A force de cibler des individus de plus en plus près (physiquement ou psychologiquement) de l’acte d’achat, ne touche-t-on pas finalement dans bien des cas, ceux qui auraient acheté, de toute façon ? Et si l’on s’y prend bien, on devrait parvenir à des taux de conversion de 100% … Micro-cible de l’acheteur intervenant au micro-moment* de l’achat dans le micro-lieu* de la page de commande !

Sans parler du micro-moment* du post achat ! Mais c’est une autre histoire de ratage des micro-ads* que nous avons tous, je pense, expérimenté.
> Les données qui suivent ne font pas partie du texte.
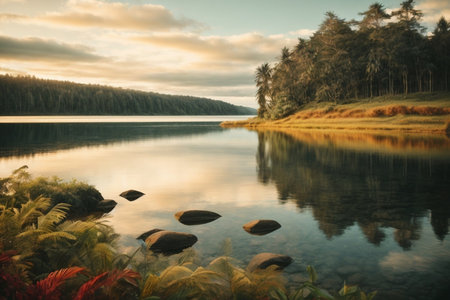 Beautiful landscape image of a lake in the forest at sunset.の素材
En réalité, on serait face à une confusion classique d’interprétation de la corrélation. Oui, il y aurait bien corrélation entre ciblage et vente, mais peut-être n’y-a-t-il aucune relation de cause à effet entre les deux, ou pire encore … inversion de la cause et de l’effet. Ainsi, la cause serait la vente et l’effet le ciblage ! Autrement dit c’est parce qu’il y a vente ou qu’il va y avoir vente, qu’il y a ce ciblage. Et ceci concerne aussi bien la publicité que les offres éditoriales (Netflix, Amazon…).

Mais alors, le risque est grand, voire gigantesque : c’est celui de ne presque plus jamais irriguer les cibles plus lointaines du produit ou du service, de ne pas les familiariser avec la marque et ses valeurs, alors même qu’un “objet familier” est a priori chargé d’attitudes plus positives, comme nous l’apprennent les sciences cognitives.

On perd alors tout le socle de la construction de marque, cette valeur immatérielle pourtant bien connue. Et lorsque la cible « éloignée » devient cœur de cible (par exemple en devenant parent) le travail de conviction part de zéro ou presque. A force de parler de déperdition de cible, des 50% du budget de la publicité qui ne serviraient à rien (cette citation aura fait beaucoup de mal !), on ne construit plus rien.